Oh, and that comment of Yannis’s about “guys that have blatantly played rugby for the last 10 years”? That, it emerges, was a reference to Look See Proof.

It only damns them with faint praise to say that Foals dispatch the competition with ease tonight.

As they’re setting up, it occurs to me that Yannis might have been winding me up when he spoke of opening the set with a snatch of a Byzantine song-poem, and I’m relieved when he does. It means that the talk of a Flowers of Romance-influenced record featuring the Antibalas Afrobeat Orchestra might also be true.

Tonight’s set is more a document of progression than of any sudden shift in direction. Like all Foals sets, it’s intense, danceable and exhilarating. The jerky, propulsive rhythms and mantra-like French-language vocal of ‘The French Open’ send a shudder of excitement through the packed room, and there follows a dazzling sprint through the choppily malevolent upcoming single ‘Cassius’ (due January), the commercial money-shot ‘Red Sox Pugie’ (to be released as a single after the album) and the portentous pop of ‘Balloons’, which thanks to its video may usher in a new dance craze we’re calling ‘The Hummingbird’. Elsewhere, album tracks ‘Heavy Water’ and ‘Olympic Airways’ point to a deepening of Foals’ artillery.
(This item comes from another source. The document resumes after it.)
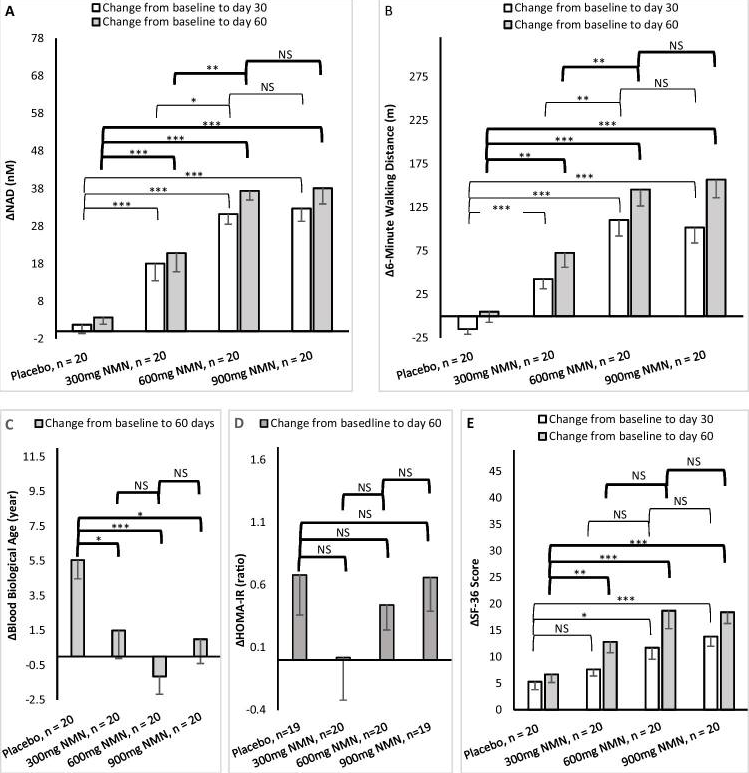 安慰剂组和三个NMN治疗组60天疗效变化 安慰剂组和三个NMN治疗组60天疗效变化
Edwin breaks out the maracas for ‘Mathletics’, which cues up a bone-throwing closing trio of crowd pleasers, the other two being ‘Two Steps Twice’ and ‘Hummer’, retooled to reflect Foals’ changing aesthetic. By this point, the atmosphere in the room is such that I’m loudly berated by a drunk Dutch girl for not dancing enough. It seems I stand out.

I’m reminded of something Yannis said earlier, about the UK tour: “The shows have been really good and really wild as well – like, violent! This tour was almost like what I imagined the early nineties to be like. There’s just been something very special about the atmosphere – just people reverting to this primal state where they’re not worried about looking cool or anything and they’re just going fucking mental and getting onstage. Kids who would normally be all moochy moochy at the back of a gig are onstage ripping their shirts off. That’s the kind of thing that gives me a genuine connection which I think is great.”

There’s certainly nothing ‘moochy moochy’ about Amsterdam’s response. Though everyone’s kept dancing tonight, there’s a ferocity to Foals that emphasises the ‘punk’ in punk funk. Another Yannis quote flashes to mind: “I like bands like The Butthole Surfers and Swans and Skinny Puppy. Bands that have problems. Those are the bands that are fun.”

SP: And you’ve got enough problems in Foals, you reckon?
YP: “Mmm. Yeah. We’ve got plenty. It’s fine. We’ve got plenty to deal with for the next couple of years at least.”